Braised Lamb Shanks with Curried Vegetable Hash


I love cooking lamb shanks low and slow until they're fall-apart-tender and melt-in-your-mouth delicious. I usually braise them with red wine or Moroccan spices, so I was intrigued by Molly Stevens' recipe for Lamb Shanks Braised with Lentils and Curry in her cookbook, All About Braising. I'm glad I tried it because it made me think of lamb in a whole new way. This is my take on her recipe.

I used rendered duck fat because I always have some on hand for high temperature cooking, which you need in order to brown the meat and vegetables before you braise them. Alternatively, you could use ghee.

If you can, use French Le Puy lentils. These small, dark legumes hold their shape better than the larger lentils that are lighter in color and tend to get a little mushy. If those are your only option, stir them into the vegetable mixture after an hour of cooking.

I cooked two lamb shanks but feel free to add another another one or two to the pot. It won't change the cooking time and there will be plenty of vegetable hash. To serve the meat more like a condiment, pull the fully-cooked lamb meat off the bones and arrange it on top of the lentils. Served like this, two shanks can feed four people.

Make this recipe detox-friendly by substituting golden beet for the carrot.

2 lamb shanks at room temperature, pre-seasoned with sea salt 24 to 48 hours in advance if possible
Rendered duck fat, enough to cover the bottom of the pan
1 large red onion, cut into small dice (about 1½ cups)
1 large carrot, cut into small dice (about 1½ cups)
5 celery sticks, cut into small dice (about 1½ cups)
10 crimini mushrooms, cut into small dice (about 1½ cups)
½ teaspoon sea salt
¼ teaspoon freshly ground peppercorn
1 tablespoon curry powder
1 tablespoon dried thyme leaves, loosely packed
1 cup diced tomatoes and their juice
2 bay leaves
1 cup Le Puy lentils, soaked for several hours
2 cups bone broth
2 cloves garlic
1 organic lemon
2 to 4 tablespoons finely chopped parsley

Preheat the oven to 325°F.

Warm the duck fat in the bottom of a large, heavy cast iron Dutch oven over medium-high heat.
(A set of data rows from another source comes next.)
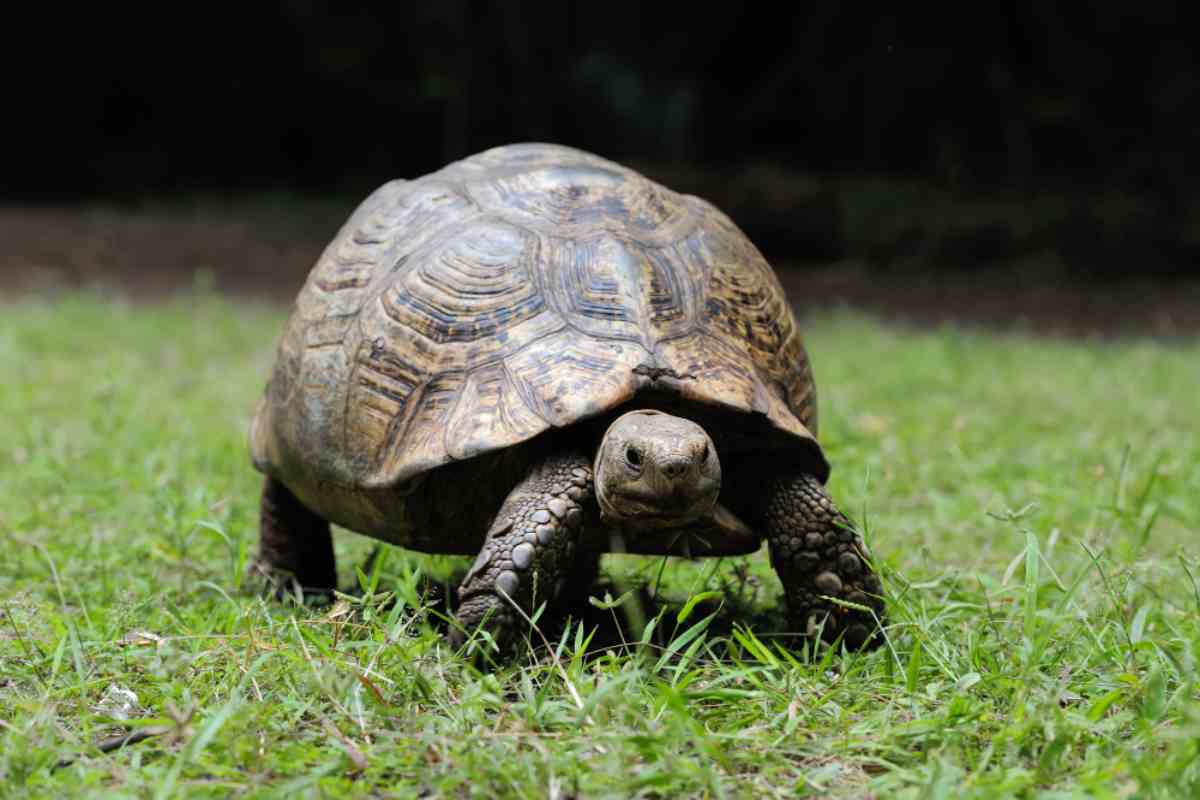 Si può tenere in casa una tartaruga di terra? Bisogna predisporre diverse aree, cosa c'è da sapere - Velvet Pets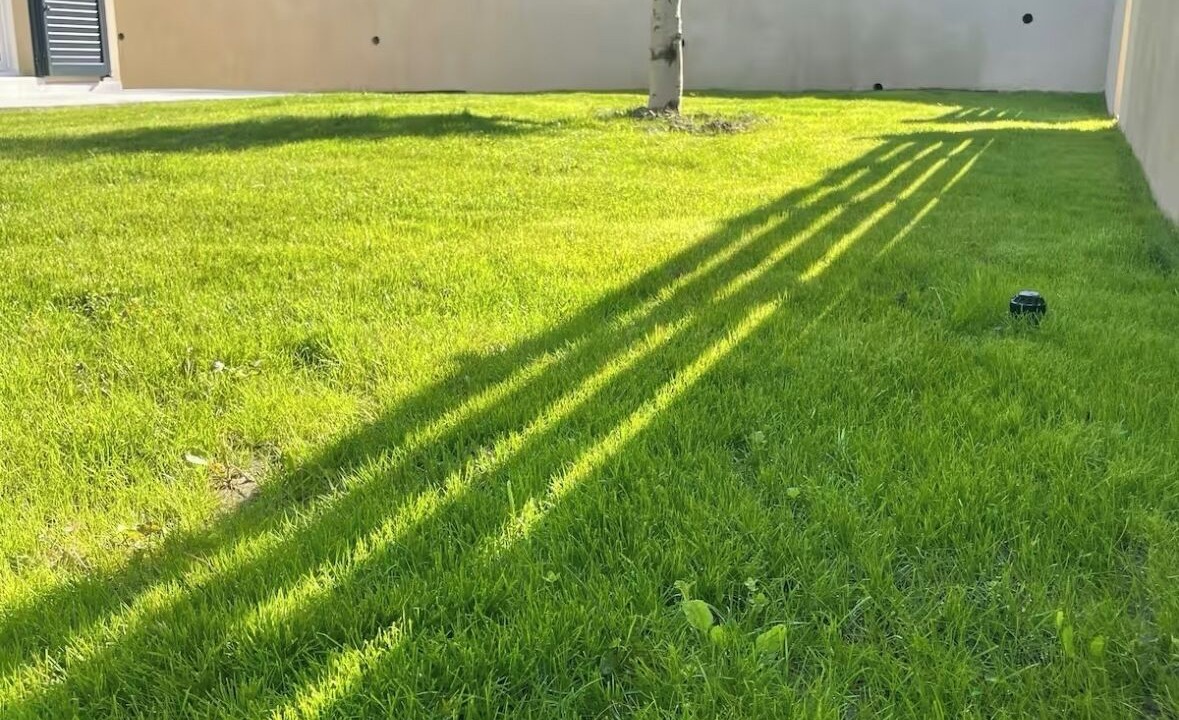 Photo of Outdoor in Patrimonio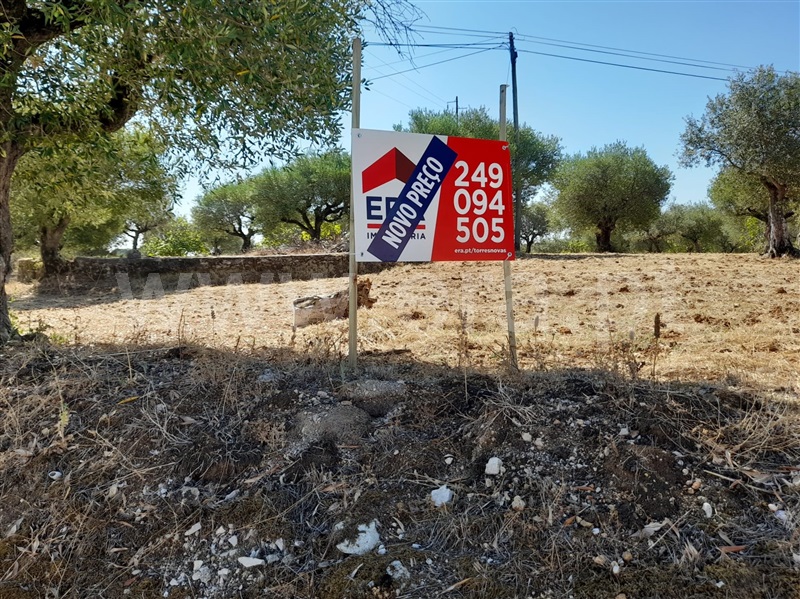 Terreno para Construção  Torres Novas, Assentiz - 938696 - 3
Brown the lamb shanks on all sides. Take your time with this step and do it well to ensure a really flavorful finished dish. They should be a deep brown color before you move on to the next step.

Once the lamb shanks are well-browned, remove them from the pan. Add the onion, carrot, celery, and mushrooms. Cook the vegetables until they start to brown. Stir in the sea salt, peppercorn, curry powder, and thyme. Continue cooking until you can smell the spices, about 1 minute more.

Add the bay leaves and lentils. Stir in the tomatoes and scrape up any brown bits on the bottom of the pot. Stir in the bone broth. Add the lamb shanks back to the pot, nestling them into the vegetable mixture.

Cover the Dutch oven tightly, transfer it to the oven, and reduce the heat to 275°F. After 1 hour, turn the lamb shanks over and stir the vegetable mixture. If it looks like it will need more moisture, stir in a splash of boiling water. Return it to the oven and cook until the lamb is very tender, about another 60 to 90 minutes, depending on the size of the shanks.

Remove the lamb shanks from the Dutch oven and cover them loosely to keep them warm. Remove the bay leaves. Grate the garlic into the vegetable mixture and stir to incorporate it thoroughly. Zest the lemon into the pot and juice half the lemon. Stir in the parsley. Taste it for seasoning and make any necessary adjustments. If you don't use the other lemon half, reserve it for another purpose.

Spoon the vegetable hash onto a serving plate and nestle the lamb shanks on top. Serve immediately.